5. Prejudice in Closing Argument
¶ 17. Sumrall argues that the jury verdict was the product of prejudice resulting from the prosecution’s closing arguments. The only part of the argument quoted in Sumrall’s brief, though it is in the introductory sections and not later when this error is being alleged, will be discussed. After reminding the jurors that defense counsel had stated that the deceased Debra Bell could not be brought “back, and what you are doing here is not for her,” the prosecutor took issue with the defense argument that the victim was irrelevant in deliberations: “Ladies and gentlemen, it is for her. It’s for her and those children. It’s for her family, who miss her.”
¶ 18. Sumrall argues that prejudice was created by this remark because it had the effect of placing an extra burden on the jury. It is reversible error to permit a closing prosecution argument that creates an “extra-legal burden of accountability” in the minds of the jurors. Sheppard v. State, 777 So.2d 659, 661 (Miss.2000). In Sheppard, this effect was created when the prosecutor told the jurors that if they acquitted, they should call and explain their reasoning so he could inform the family of the victim. Id.

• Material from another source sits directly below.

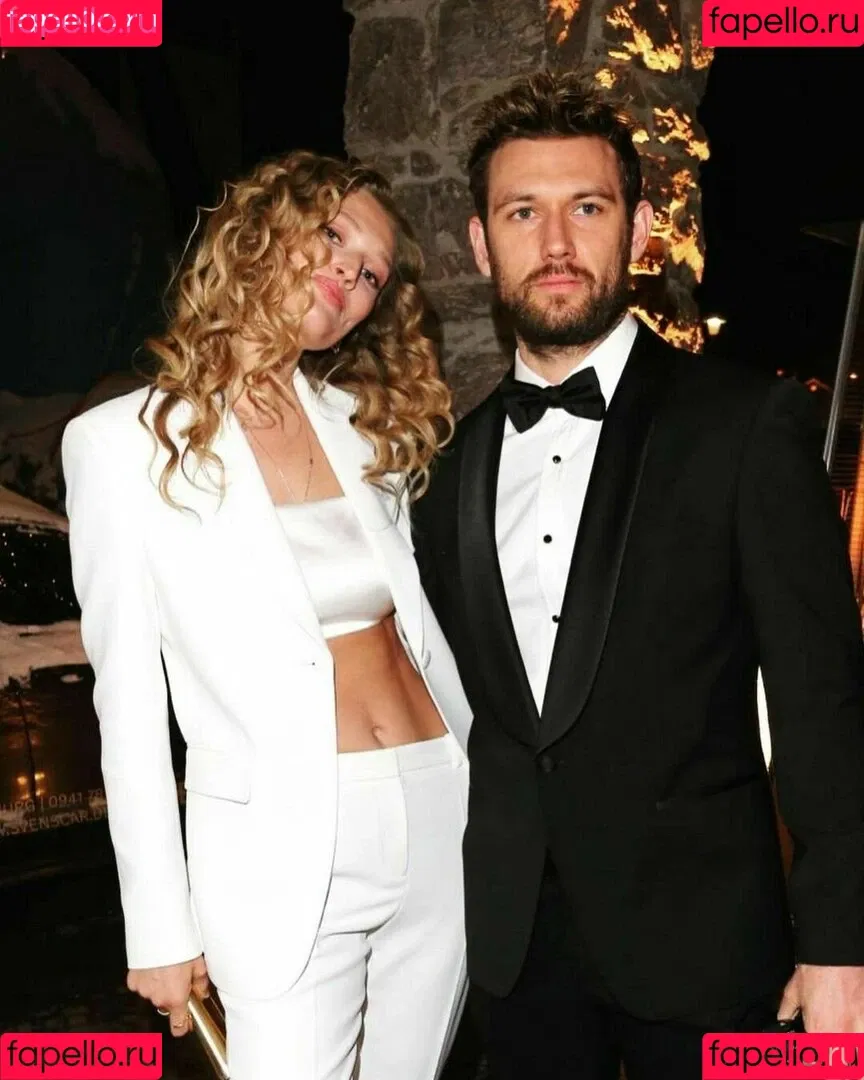 Toni Garrn Onlyfans Photo Gallery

¶ 19. On the other hand, counsel is allowed leeway in oral arguments based on evidentiary facts, application of law to these facts, and conclusions that can be reasonably drawn. Bush v. State, 895 So.2d 836, 850 (Miss.2005). Prosecutors may also respond to defense statements. Booker v. State, 511 So.2d 1329, 1332 (Miss.1987). In the present case, the prosecutor was explicitly responding to defense counsel’s argument to ignore the deceased. There is no obligation that the State ignore the victim at a trial. This limited, responsive argument did not create preju*337dice that would sink to the level of reversible error.
¶ 20. THE JUDGMENT OF THE CIRCUIT COURT OF LAUDERDALE COUNTY OF CONVICTION OF DUI MANSLAUGHTER AND SENTENCE TO TWENTY YEARS IN THE CUSTODY OF THE MISSISSIPPI DEPARTMENT OF CORRECTIONS AND FINE OF $1,000 IS AFFIRMED. COSTS OF THIS APPEAL ARE ASSESSED TO LAUDERDALE COUNTY.
KING, C.J., LEE AND MYERS, P.JJ., IRVING, CHANDLER, GRIFFIS, BARNES AND ISHEE, JJ., CONCUR. ROBERTS, J., NOT PARTICIPATING.